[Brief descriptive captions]
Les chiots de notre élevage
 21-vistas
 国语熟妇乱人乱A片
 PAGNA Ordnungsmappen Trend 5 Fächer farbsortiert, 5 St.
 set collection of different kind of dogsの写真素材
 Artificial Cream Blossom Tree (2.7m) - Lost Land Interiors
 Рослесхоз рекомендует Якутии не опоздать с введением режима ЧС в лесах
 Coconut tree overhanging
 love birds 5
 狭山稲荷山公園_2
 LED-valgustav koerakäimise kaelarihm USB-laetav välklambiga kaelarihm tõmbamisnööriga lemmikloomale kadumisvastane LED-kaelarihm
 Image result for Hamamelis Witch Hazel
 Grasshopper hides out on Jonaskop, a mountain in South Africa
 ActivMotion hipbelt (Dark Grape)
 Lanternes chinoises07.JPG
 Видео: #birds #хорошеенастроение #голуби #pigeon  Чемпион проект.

EXERCISE> Nothing in the records above may be left out when you repeat them exactly.

REPLY TO THE TASK>
Les chiots de notre élevage
 21-vistas
 国语熟妇乱人乱A片
 PAGNA Ordnungsmappen Trend 5 Fächer farbsortiert, 5 St.
 set collection of different kind of dogsの写真素材
 Artificial Cream Blossom Tree (2.7m) - Lost Land Interiors
 Рослесхоз рекомендует Якутии не опоздать с введением режима ЧС в лесах
 Coconut tree overhanging
 love birds 5
 狭山稲荷山公園_2
 LED-valgustav koerakäimise kaelarihm USB-laetav välklambiga kaelarihm tõmbamisnööriga lemmikloomale kadumisvastane LED-kaelarihm
 Image result for Hamamelis Witch Hazel
 Grasshopper hides out on Jonaskop, a mountain in South Africa
 ActivMotion hipbelt (Dark Grape)
 Lanternes chinoises07.JPG
 Видео: #birds #хорошеенастроение #голуби #pigeon  Чемпион проект.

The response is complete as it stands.